** Your assignment **
Print the data below verbatim, minus images.

** Data below **
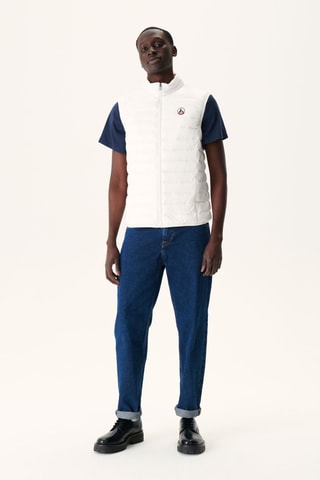 Mouwloze Gewatteerde Jas Slim Fit - Wit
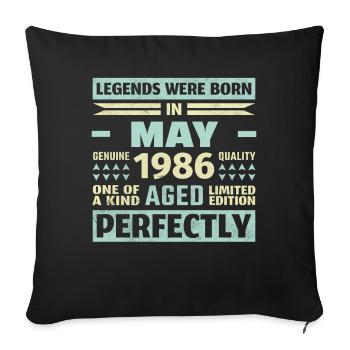 37th Birthday May Vintage 1986 Vintage - Sofa pillowcase 17,3'' x 17,3'' (45 x 45 cm) - black - Front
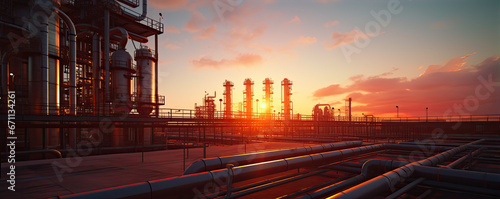 steel long gas or oil pipes in factory against sunset light. copyspace for your text.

** Written response **
 Mouwloze Gewatteerde Jas Slim Fit - Wit
 37th Birthday May Vintage 1986 Vintage - Sofa pillowcase 17,3'' x 17,3'' (45 x 45 cm) - black - Front
 steel long gas or oil pipes in factory against sunset light. copyspace for your text.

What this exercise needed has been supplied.